→ **TASK OBJECTIVE**: What is needed is a verbatim copy of every record below, with the pictures left out.

Start of Block

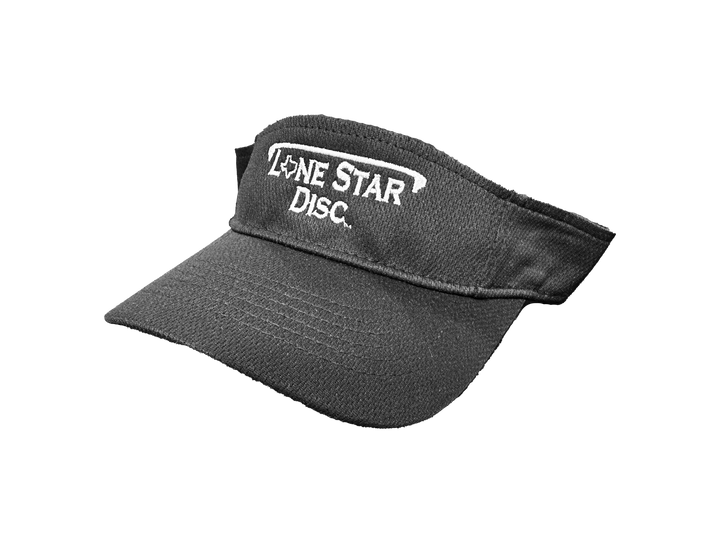 Lone Star Disc - Snapback Visor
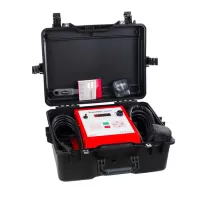 Аппарат для электромуфтовой сварки Hamlem EF-1200 (case) Изображение Аппарат для электромуфтовой сварки Hamlem EF-1200 (case)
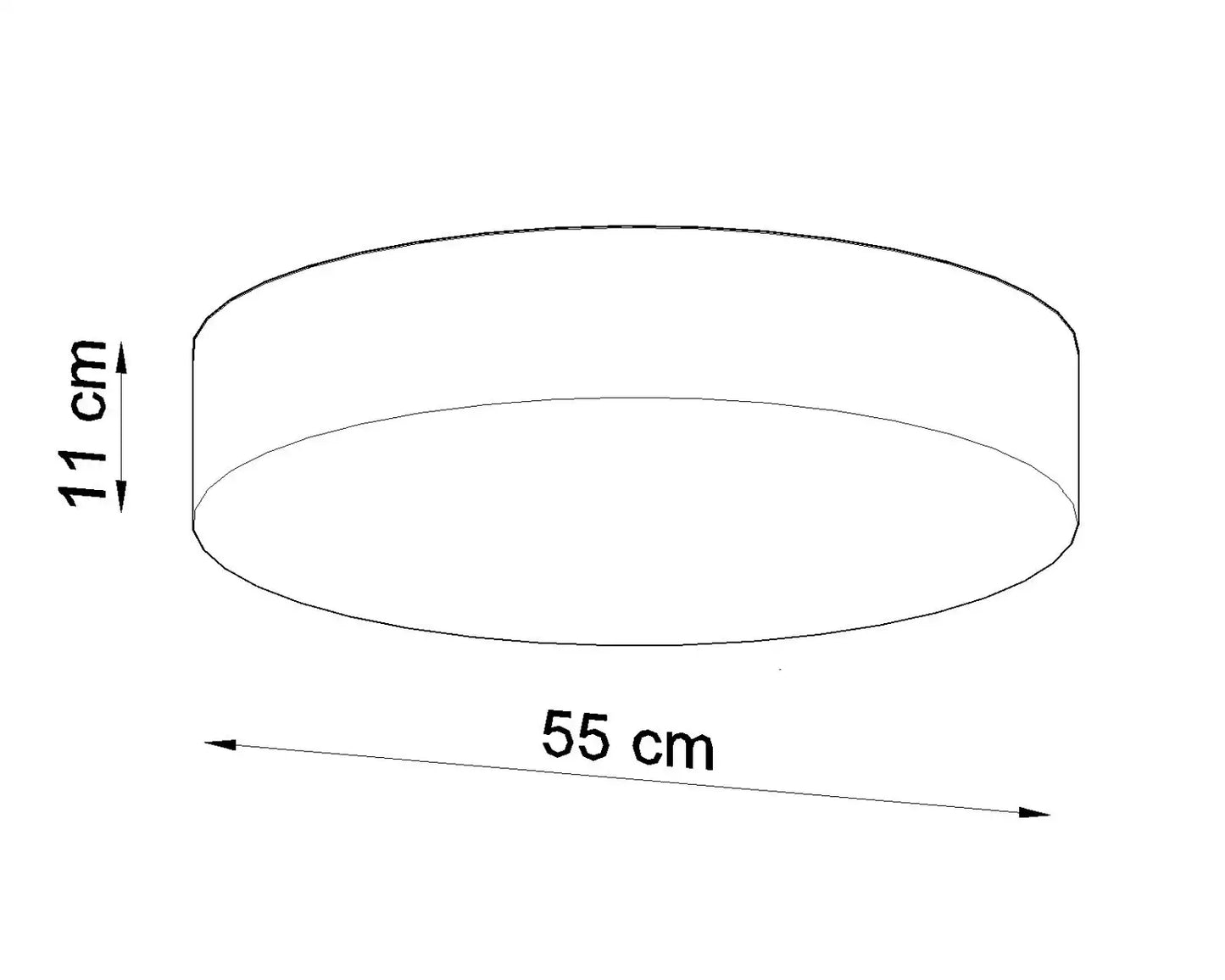 ARENA Ceiling Light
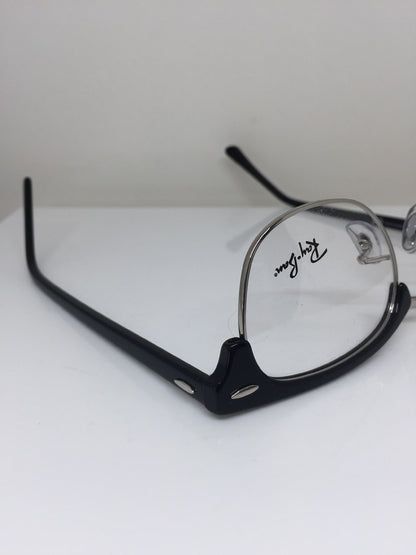 Vintage Ray-Ban RB5154 2000 49-21 Black Eyeglasses - Super Vision Optical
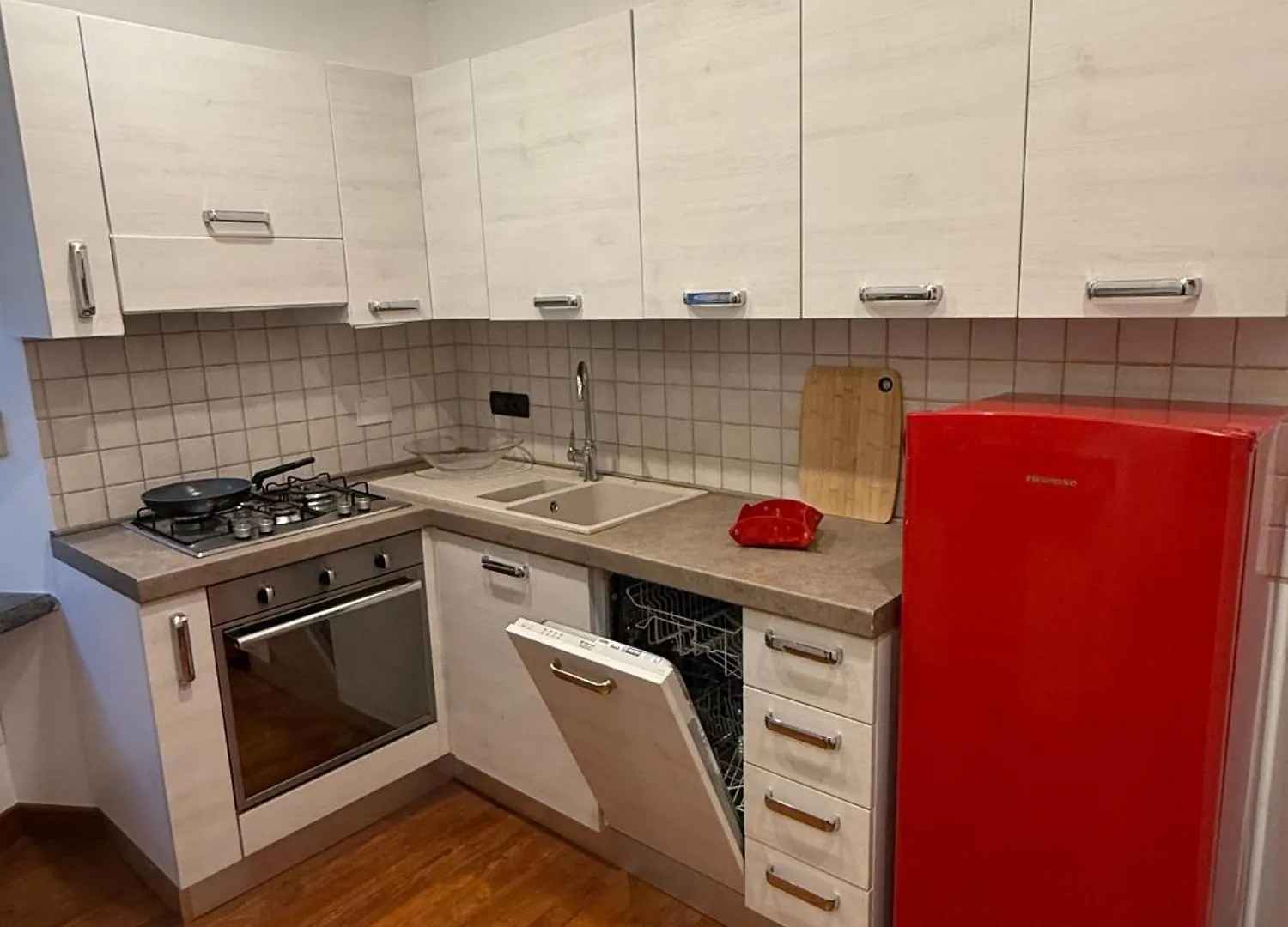 Luxury Apartment In Villa Rome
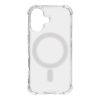 2-6391 Tactical MagForce Plyo Kryt pro Apple iPhone 16 Transparent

End of Block

→ **OUTPUT OF THE EXERCISE**:
 Lone Star Disc - Snapback Visor
 Аппарат для электромуфтовой сварки Hamlem EF-1200 (case) Изображение Аппарат для электромуфтовой сварки Hamlem EF-1200 (case)
 ARENA Ceiling Light
 Vintage Ray-Ban RB5154 2000 49-21 Black Eyeglasses - Super Vision Optical
 Luxury Apartment In Villa Rome
 2-6391 Tactical MagForce Plyo Kryt pro Apple iPhone 16 Transparent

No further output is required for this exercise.